26.12.15

Profession du père – Sorj Chalandon



On ne choisit pas ses parents et le hasard fait que l’on tombe parfois mal, voire très mal. Mais cela, l’enfant ne peut pas le comprendre car, pour lui, ses parents sont des dieux, des référents absolus, ceux qui définissent son monde et ses normes. Ce n’est qu’une fois adulte que celui ou celle qui aura connu une enfance perturbée pourra éventuellement comprendre s’il ou elle en a la force et si l’entourage favorise ce cheminement.

Que peut répondre le jeune Emile Choulans quand, à chaque rentrée scolaire, on lui pose inlassablement la question de la profession du père ? Jamais celle de la mère censée, par définition, être au foyer car nous sommes au tout début des années soixante dans une France péniblement en route vers la modernité, commençant peu à peu à se remettre d’un conflit mondial qui l’a laissée ravagée.

Réponse difficile en effet quand le père se dit agent secret au service de l’OAS et de la CIA, déterminé à assassiner le Général de Gaulle parce qu’il vient de lâcher l’Algérie Française.
Et puis, un père qui dit avoir été parachutiste, compagnon de la Résistance, ami personnel de De Gaulle pendant la guerre, pasteur luthérien, comploteur actif pour extrader Noureev, c’est forcément un héros aux yeux d’un gamin de cinq ans. Alors, quand ce géant vous bât comme plâtre au moindre prétexte, à coups de poing ou de ceinturon, qu’il vous enferme à genoux toute la nuit dans un placard, tout cela est normal et un gamin se dit qu’il l’a mérité après tout. Surtout quand la mère n’intervient pas, voire soutient. De toutes façons, elle subit le même sort, même si elle a gagné le droit de travailler. Elle aussi connaît les humiliations domestiques, les coups, les cris incessants.

De facto, dans cet univers de violence familiale, quand votre héros décide de faire de vous un agent actif de l’OAS à douze ans en vous dressant à coups de pompes (dans tous les sens du terme), vous ne pouvez que trouver cela normal même si, ce qui vous passionne, c’est le dessin au point d’avoir été surnommé « Picasso ».

Mais, on aura compris grâce à la séquence magistrale d’ouverture du roman sur les obsèques glaçantes de ce père simplement suivies, de loin et sans la moindre émotion, par l’épouse et le fils que du temps aura passé et qu’un travail de reconstruction personnelle aura été entrepris.
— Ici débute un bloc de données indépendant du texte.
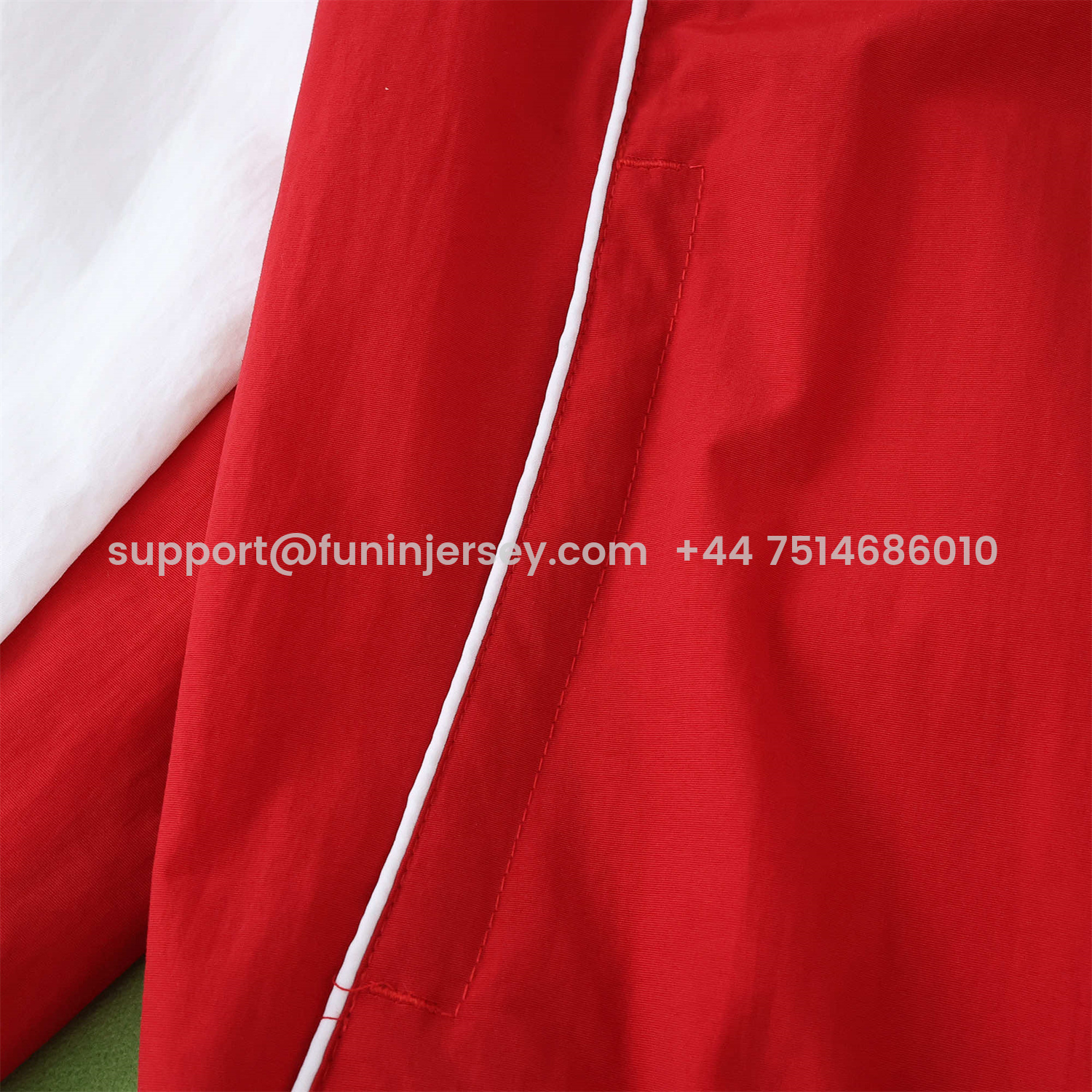 Funinjersey-Arsenal 25-26 Throwback Windbreaker Jacket - Red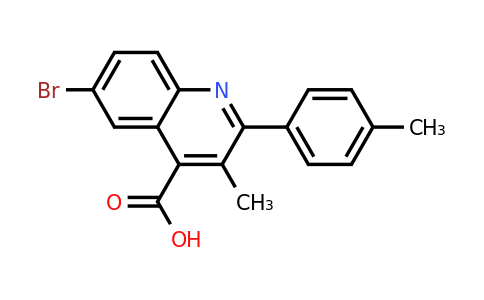 CAS 351000-02-7 | 6-Bromo-3-Methyl-2-(p-tolyl)quinoline-4-carboxylic acid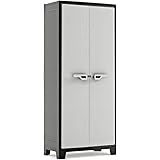 Keter Armadio Alto Titan con Ripiani Regolabili, da interno ed esterno, 80 x 44 x 182 cm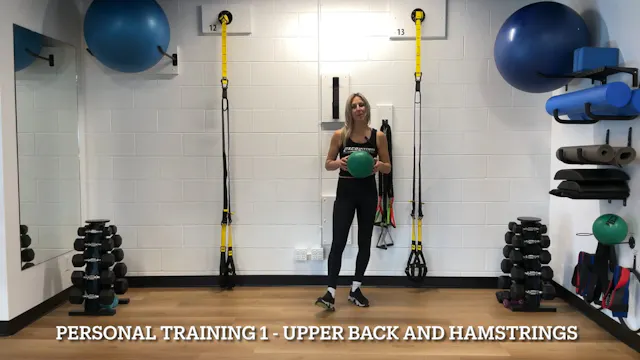 Personal Training 1- Upper Back/Hamst...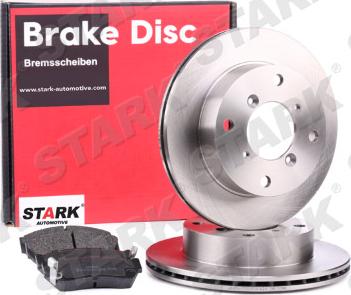 Stark SKBK-1090189 - Bremžu komplekts, Disku bremzes www.autospares.lv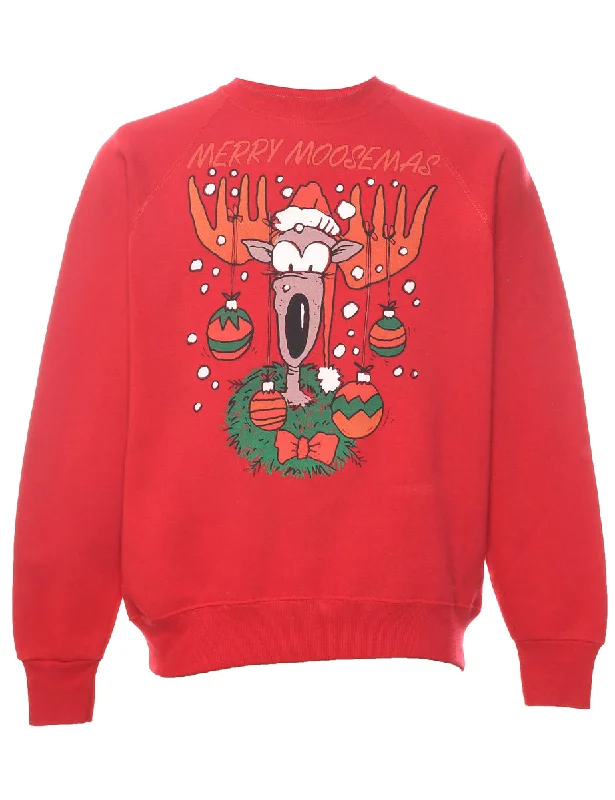 Clearance Items fashion-forward coatFestive Season Christmas Sweatshirt - L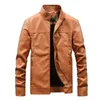 Autumn PU Leather Biker Jaqueta motocicleta PLUS TAMANHO 3XL 4XL MEN MEN MENINO LONGO DE MOTO FAUX LOUTO JAPATE DE MOO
C’est ce récit à rebours qu’entreprend Sorj Chalandon de façon magistrale, démontant pièce à pièce la machine infernale de ce qui n’est rien d’autre qu’une folie paranoïaque d’un père manipulateur pervers et donc destructeur. Une descente dans la folie à laquelle les survivants auront échappé, chacun à leur manière. Et puis, il y aura cette fabuleuse phrase finale qu’on vous laissera découvrir et qui résume tout.

Un des grands romans de Chalandon.


Publié aux Editions Grasset – 2015 – 316 pages

19.12.15

Délivrances – Toni Morrison


Auréolée de son Prix Nobel en 1993 et désormais âgée de quatre-vingt-quatre ans, la grande romancière afro-américaine Toni Morrison aurait pu décider de se retirer de la scène. Il n’en est rien, bien au contraire. Elle reste résolument décidée à écrire jusqu’au bout pour dénoncer ce qui a fait son combat de toujours : le racisme sous-jacent et culturel américain, la pauvreté, l’enfance malheureuse, la difficulté d’aimer et d’être aimé… Une chose a changé cependant ; son écriture s’est faite plus dense, ses livres plus courts car elle se sent saisie d’une urgence, celle d’un temps de plus en plus limité pour achever son œuvre.

Pour tout lecteur qui ne connaîtrait pas Toni Morrison, commencer par « Délivrances » ne serait pas un mauvais choix tant ce court roman est un condensé encore magnifié du style et de l’inspiration de l’écrivain.

L’un des grands postulats de la psychanalyse est de considérer que beaucoup, voire presque tout, se joue dans les quatre ou cinq premières années de notre existence. Pour Lulu Ann dont Sweetness vient d’accoucher, tout se décidera dès sa venue au monde. Alors que ses parents sont des mulâtres blonds passant presque pour des blancs, leur fille leur fait l’horrible surprise de naître « noire comme le Soudan ».  Au point que le père du bébé, convaincu de l’adultère de sa femme car comment aurait-il pu engendrer un tel être ?, ne tarde pas à abandonner sa famille. Oui, le racisme existe même voire surtout au sein d’une même communauté nous rappelle T. Morrison.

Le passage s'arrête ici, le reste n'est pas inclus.